Nevertheless we live in a world where we need to take into consideration that mountains exist and sometimes we need to move around them if we do not wish to climb them. Similar thing with art objects: you cannot play a Bach fugue on the piano without a physical piano or without practicing your playing. Should you also want someone to be interested in your Bach playing, it would also help to get some teaching or getting to know the tradition of Bach playing, and how the musical community (where the Bach fugue is performed) is organized.

You will get nowhere either climbing the mountain or playing the Bach if you just repeat: "This is just an opinion in the perceivers mind, this is just an opinion in the perceivers mind..."

I sense some really illogical ontology here to be frank. It seems to be suitable only to mentally defend a listener who feels their listening preferences is threatened by some assumed objectivist elitists. :)
See my reply to Woodduck. Being defensive is not part of my nature as the mods will tell you. Nor is feeling threatened by tastes other than my own. And I repeat my mantra about art=opinion because I believe it to be a correct view: Here I Stand. You seem to be looking always for some middle ground halfway between Y and Z--Some say (let's postulate) that the earth is a cube; others that it is a sphere. Is your answer then that the earth is a cube with quite rounded corners and edges? I think not.
 

· Read Only
Joined
·
2,043 Posts
"I find it unfair that an "indecent pot-boiler" like Cosi fan tutte survived, while stuff like the "proto-Schubertian" pastoral poem, Die Hochzeit auf der Alm with its later added supplemental music and its "anthem of fidelity" and Die Ährenleserin did not. ...
I don't understand. If the one survived and the other didn't, how can you compare...
 

· Registered
Joined
·
22,509 Posts
^^^^@Woodduck: I agree with the bulk of your post #125 above, but as usual with our posts, we fail to fully understand one another. Minor example: how to interpret your statement; "If your first sentence is true then we have no debate". Is this A) that we are in perfect agreement, or B) that we cannot debate these issues; that I have somehow blocked the possibility of debate. An ambiguity. And C) I think you have yet to grasp the central point that I have attempted to have others understand--that art is entirely a human construct and has no meaning or existence in the external world--as art--unless there is human intervention to energize, vitalize, actualize it.
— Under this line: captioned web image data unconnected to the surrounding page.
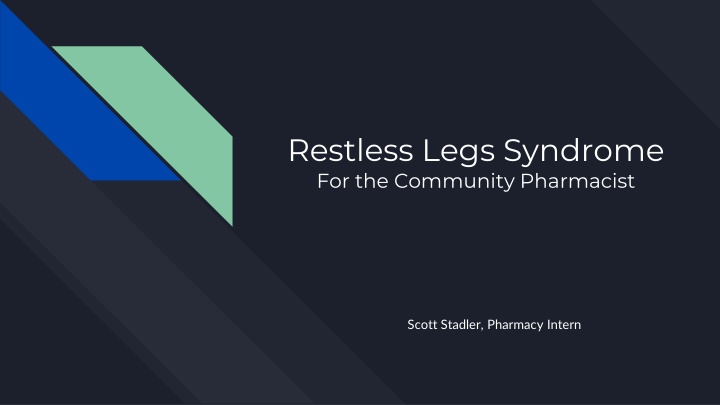 restless legs syndrome for the community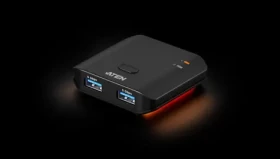 Aten 2 x 2-Port USB 3.2 Gen 1 / USB přepínač periferií / 4× USB-A / 2 PC / černá (US4322-AT)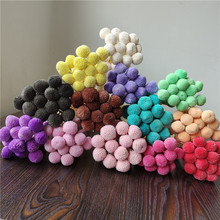 花卉diy永生花材料包黄金球干花创意装饰ins拍照道具花万家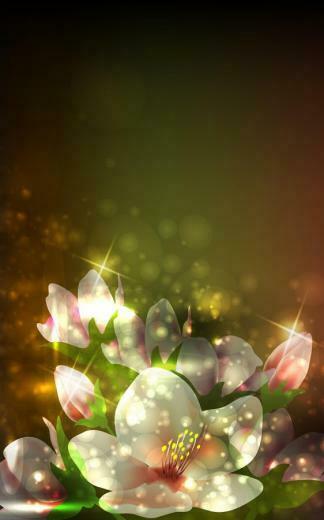 Glowing Flowers Live Wallpaper In Cafe Bazaar For Android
In a sense, my position is a variant of Bishop Berkeley's curious thesis that to be is to be perceived in the one instance where his notion is correct. Our friend Waehnen, who is responsible for this whole thread by bringing out our easy weakness in discussing again this topic for the 47th time, tells me that a Bach fugue exists as a physical object, touting this as a refutation of my position of pure subjectivity of art. It would be folly to deny that said fugue exists as writing on a piece of paper, or as sound waves when rendered as such, or that a Bernini statue exists. But with no one to perceive it as such, as art, it has no existence as art. it is a variant of the well-worn notion that if a tree falls in the forest and there is no entity to hear it, does it make a noise?
As I indicated, all of your other points are true and good--the useful role of experts, the availability of a collective, your remarks about who gets to program, what gets programmed, who can afford,etc.--all well and good. But, again, this does not deal with the issue at hand, to my understanding.
I extract the following as your attempt to clarify "the central point [you] have attempted to have others understand":

"art is entirely a human construct and has no meaning or existence in the external world--as art--unless there is human intervention to energize, vitalize, actualize it."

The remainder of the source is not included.